Permettez-moi de commencer par saluer le leadership et l’hospitalité de l’Équateur en tant qu’hôte de centaines de milliers de migrants et de réfugiés qui ont dû fuir la crise politique et économique dans leur pays d’origine, dont plus d’un demi-million de Vénézuéliens », a déclaré le diplomate dans une presse. conférence à Quito.
Thomas-Greenfield a visité le refuge de San Juan de Dios, dans la capitale équatorienne, et a souligné à la presse que les États-Unis avaient fourni 356 millions de dollars en fonds humanitaires pour les efforts qui couvrent à la fois les réfugiés vénézuéliens et colombiens dans la nation andine.
Les États-Unis, a déclaré l’ambassadeur, travaillent en collaboration avec des entités de l’ONU telles que l’Agence pour les réfugiés (HCR) et le Programme alimentaire mondial (PAM), ainsi qu’avec l’Agence américaine pour le développement international (USAID).
La grave crise humanitaire au Venezuela, exacerbée ces cinq dernières années par la violence, le manque de nourriture et de services de base, a conduit les Vénézuéliens à un départ massif historique du pays.
Selon les chiffres actualisés du HCR jusqu’en janvier de cette année, environ 7,1 millions de Vénézuéliens ont demandé refuge dans différents pays d’Amérique latine et des Caraïbes, dont plus d’un million ont demandé l’asile dans ces pays.

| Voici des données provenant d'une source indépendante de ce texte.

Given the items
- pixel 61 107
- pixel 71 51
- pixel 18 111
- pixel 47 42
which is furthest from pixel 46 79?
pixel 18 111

« Ce que j’ai vu ici aujourd’hui est tellement impressionnant, cela devrait être un exemple pour le reste du monde sur la façon de traiter les personnes vulnérables, comment traiter les personnes dans le besoin, comment faire preuve de compassion et comment faire preuve de gentillesse », a remercié Thomas-Greenfield. .
L’ambassadrice des États-Unis à l’ONU clôturera en Équateur un voyage de trois à travers la région qui l’a précédemment conduite au Costa Rica, où elle a participé en tant que chef de la délégation américaine au deuxième Sommet pour la démocratie.